Firstly, we’d need to figure out a way to make moulds in the shape of the packaging we wanted and/or invest in someone to make them for us. A run of enough packaging for 20 birdbaths would require 80 moulds. Creating the moulds is do-able but requires careful consideration and testing of the design and an initial start-up cost. We may also need to adapt the growing process to ensure the sterilised substrate can be transferred into the moulds with very low risk of contamination.

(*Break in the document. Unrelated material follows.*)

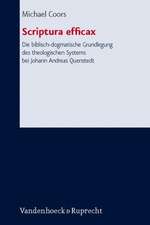 Scriptura Efficax die Biblisch-Dogmatische Grundlegung Des Theologischen Systems Bei Johann Andreas Quenstedt: Ein Dogmatischer Beitrag Zu Theorie Und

A second difficulty would be sourcing a reliable and local supplier of waste substrate appropriate for growing the mycelium. For those 80 moulds we would need approximately 40kg of sawdust or 16kg of sugarcane per run. Also do-able, but potentially time-consuming if it required picking up from the supplier.
Sterilising 16-40kg of substrate per run is one of the biggest challenges and extremely difficult without a commercial size autoclave. With our home pressure cooker we can only sterilise about 1.5kg of substrate at a time, every two hours. That would equal over 50 hours of sterilising per run using our current equipment, and isn’t at all feasible. Drying the mycelium blocks in the oven at the end of the growing process would also need to be scaled-up somehow.
Another big drawback is the time required to grow each packaging block. It takes one full month from the day sterilisation starts to oven-drying process at the end to get the finished packaging product. This time-lag means there needs to be a large amount buffer stock in storage to meet fluctuating demand for products throughout the year. The physical space required to hold 80 moulds for one month is approximately 2m3.
The final consideration is the labour and time investment required even if we streamlined the above processes at much as we possibly could. We estimate that it would take one employee at least 16 hours or two days/week to make this happen for us. Our conclusion is that producing this packaging it is an entirely new business, waiting to happen, in its own right.
So, where to now? Now, we are collaborating with designers in Sydney to create a packaging material out of cardboard pulp – a material similar to that which is used in egg cartons. This cardboard packaging is recyclable and can be mass produced in China but is not without its own challenges. It has proven difficult to design a packaging piece sturdy enough to protect our birdbaths during travel but we are close to finalising the design now. Manufacturing in China has the downside of producing a lot of packing miles (more use of fossil fuels to get the packaging to us) but it is the most viable and cost-effective solution we have found.
Below is a photo of all the packaging options we’ve tried so far, from pool noodles to mycelium blocks to cardboard moulds. None of them are perfect but we are doing our best to make our business as sustainable as we can.
Despite not choosing the mycelium blocks as our final packaging solution, we were inspired by the ability to create such a practical, organic material. One that also has the potential to be used aesthetically in other design projects. Our next endeavour is to try to create an outdoor chair made from mycelium using a similar method.